One of my best Richard Dreyfuss and Emilio Estevez films.
For a film which reached number 1 at the US box office and earned
enough movie for the studio to green-light a sequel, Stakeout has
strangely enough become a forgotten 80s gem.
The story is simple, officers Lecce (Richard Dreyfuss) and and Reimers (Emilio Estevez) are assigned to a stakeout of the house of waitress Maguire (Madeleine Stowe), hoping that her fugitive ex-boyfriend (Aidan Quinn) will return to her house. Things soon take a bizarre twist, as Lecce, posing as a telephone repairman, and Maguire start to fall in love.
Although the film offers no originality and is riddled with clichés, it is very entertaining. Although it runs for nearly two hours, it thankfully doesn't feel that long and the story keeps you interested all the way. Richard Dreyfus and Emilio Estevez are quality comedians, somewhat surprisingly in my opinion. Their jokes and banter make the comedy part of this film work well.

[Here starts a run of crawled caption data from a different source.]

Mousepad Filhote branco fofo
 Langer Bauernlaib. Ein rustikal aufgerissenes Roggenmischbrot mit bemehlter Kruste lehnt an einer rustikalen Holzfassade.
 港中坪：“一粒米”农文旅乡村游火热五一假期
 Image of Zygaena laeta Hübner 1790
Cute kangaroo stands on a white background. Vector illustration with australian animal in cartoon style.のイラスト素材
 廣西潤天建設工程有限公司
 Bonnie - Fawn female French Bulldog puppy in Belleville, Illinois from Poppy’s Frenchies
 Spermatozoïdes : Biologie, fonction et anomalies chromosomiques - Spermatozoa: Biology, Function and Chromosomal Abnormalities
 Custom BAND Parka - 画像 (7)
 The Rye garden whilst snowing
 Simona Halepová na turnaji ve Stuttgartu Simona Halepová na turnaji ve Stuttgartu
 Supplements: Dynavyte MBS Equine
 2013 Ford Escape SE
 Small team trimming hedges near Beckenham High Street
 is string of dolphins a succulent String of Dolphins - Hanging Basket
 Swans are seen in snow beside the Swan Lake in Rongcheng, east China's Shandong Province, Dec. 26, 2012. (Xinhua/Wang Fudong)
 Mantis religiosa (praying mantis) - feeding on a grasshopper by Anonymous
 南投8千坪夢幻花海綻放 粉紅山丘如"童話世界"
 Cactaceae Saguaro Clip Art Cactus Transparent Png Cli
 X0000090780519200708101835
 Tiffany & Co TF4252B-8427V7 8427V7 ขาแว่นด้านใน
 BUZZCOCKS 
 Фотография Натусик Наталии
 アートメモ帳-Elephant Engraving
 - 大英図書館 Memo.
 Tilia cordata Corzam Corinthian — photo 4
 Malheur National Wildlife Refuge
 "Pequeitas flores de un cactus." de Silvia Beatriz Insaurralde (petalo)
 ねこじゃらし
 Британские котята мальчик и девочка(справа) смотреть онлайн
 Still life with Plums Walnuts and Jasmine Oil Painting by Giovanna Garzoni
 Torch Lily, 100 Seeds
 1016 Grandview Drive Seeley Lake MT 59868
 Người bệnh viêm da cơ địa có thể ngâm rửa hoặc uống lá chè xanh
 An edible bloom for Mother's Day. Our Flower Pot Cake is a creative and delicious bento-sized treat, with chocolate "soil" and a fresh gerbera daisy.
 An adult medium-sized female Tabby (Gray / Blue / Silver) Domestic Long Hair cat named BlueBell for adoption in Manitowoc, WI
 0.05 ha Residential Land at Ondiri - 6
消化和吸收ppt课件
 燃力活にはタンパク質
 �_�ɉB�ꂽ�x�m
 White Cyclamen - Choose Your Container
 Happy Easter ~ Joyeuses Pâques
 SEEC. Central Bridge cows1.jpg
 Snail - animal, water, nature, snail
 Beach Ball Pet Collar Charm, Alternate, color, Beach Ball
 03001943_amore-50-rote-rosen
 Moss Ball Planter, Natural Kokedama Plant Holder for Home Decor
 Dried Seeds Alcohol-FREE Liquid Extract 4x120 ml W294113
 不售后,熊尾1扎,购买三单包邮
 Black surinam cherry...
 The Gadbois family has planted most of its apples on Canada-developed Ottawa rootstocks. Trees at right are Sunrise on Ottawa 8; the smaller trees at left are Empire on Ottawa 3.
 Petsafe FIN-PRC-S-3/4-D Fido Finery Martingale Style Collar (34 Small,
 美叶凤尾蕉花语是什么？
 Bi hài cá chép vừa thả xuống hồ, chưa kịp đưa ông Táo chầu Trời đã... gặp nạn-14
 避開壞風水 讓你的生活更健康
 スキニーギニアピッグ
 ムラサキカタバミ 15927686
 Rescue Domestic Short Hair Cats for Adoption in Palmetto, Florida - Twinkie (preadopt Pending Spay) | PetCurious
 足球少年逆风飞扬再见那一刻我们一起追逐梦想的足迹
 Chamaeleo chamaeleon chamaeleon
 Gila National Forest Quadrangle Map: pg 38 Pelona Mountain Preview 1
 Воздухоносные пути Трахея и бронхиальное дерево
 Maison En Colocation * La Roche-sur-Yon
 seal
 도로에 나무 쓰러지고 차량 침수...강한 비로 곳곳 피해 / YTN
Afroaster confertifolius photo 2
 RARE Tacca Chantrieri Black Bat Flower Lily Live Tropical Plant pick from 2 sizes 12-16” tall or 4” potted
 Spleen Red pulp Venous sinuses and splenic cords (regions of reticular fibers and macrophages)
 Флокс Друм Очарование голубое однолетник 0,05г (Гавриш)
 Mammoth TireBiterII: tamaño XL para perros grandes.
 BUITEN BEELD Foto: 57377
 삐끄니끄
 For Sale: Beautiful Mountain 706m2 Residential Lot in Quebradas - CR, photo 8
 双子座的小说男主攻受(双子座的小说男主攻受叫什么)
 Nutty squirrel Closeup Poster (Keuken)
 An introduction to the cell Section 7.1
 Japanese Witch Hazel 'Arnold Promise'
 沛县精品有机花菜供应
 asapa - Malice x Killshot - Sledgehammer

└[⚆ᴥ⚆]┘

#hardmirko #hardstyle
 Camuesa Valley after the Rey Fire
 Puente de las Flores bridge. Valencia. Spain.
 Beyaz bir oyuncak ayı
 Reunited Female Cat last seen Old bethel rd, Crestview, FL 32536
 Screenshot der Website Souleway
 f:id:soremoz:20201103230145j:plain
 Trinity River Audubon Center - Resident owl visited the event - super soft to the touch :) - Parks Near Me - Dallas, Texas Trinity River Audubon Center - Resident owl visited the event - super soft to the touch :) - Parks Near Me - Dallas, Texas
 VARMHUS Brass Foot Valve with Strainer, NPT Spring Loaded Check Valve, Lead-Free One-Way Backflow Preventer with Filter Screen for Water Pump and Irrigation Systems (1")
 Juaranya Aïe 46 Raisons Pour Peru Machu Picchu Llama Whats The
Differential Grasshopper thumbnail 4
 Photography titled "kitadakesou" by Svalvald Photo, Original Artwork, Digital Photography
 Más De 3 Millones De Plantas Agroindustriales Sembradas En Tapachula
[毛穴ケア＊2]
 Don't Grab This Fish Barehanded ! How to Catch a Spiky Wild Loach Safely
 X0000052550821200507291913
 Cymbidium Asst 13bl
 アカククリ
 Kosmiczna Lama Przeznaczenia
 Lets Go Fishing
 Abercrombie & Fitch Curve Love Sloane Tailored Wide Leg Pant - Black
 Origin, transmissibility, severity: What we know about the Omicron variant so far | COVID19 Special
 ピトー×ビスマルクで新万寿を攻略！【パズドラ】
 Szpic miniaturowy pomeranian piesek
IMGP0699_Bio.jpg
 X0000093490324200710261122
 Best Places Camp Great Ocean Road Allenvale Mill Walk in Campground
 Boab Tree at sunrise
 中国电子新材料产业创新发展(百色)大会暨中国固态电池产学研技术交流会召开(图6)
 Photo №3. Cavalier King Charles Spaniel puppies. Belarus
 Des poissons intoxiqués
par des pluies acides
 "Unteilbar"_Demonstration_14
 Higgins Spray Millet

The thriller elements are good too, Aidan Quinn does a good job making his character look like a real bad-ass, and the film's action sequences are really solid pre-cgi-stuff. I was especially impressed by the car chase, which looks really good.
Overall, this is pure solid 80s entertainment and I think this film deserves to be remembered and watched. I think it is equally good as many other 80s action classics like "48 hours" for example. Recommended!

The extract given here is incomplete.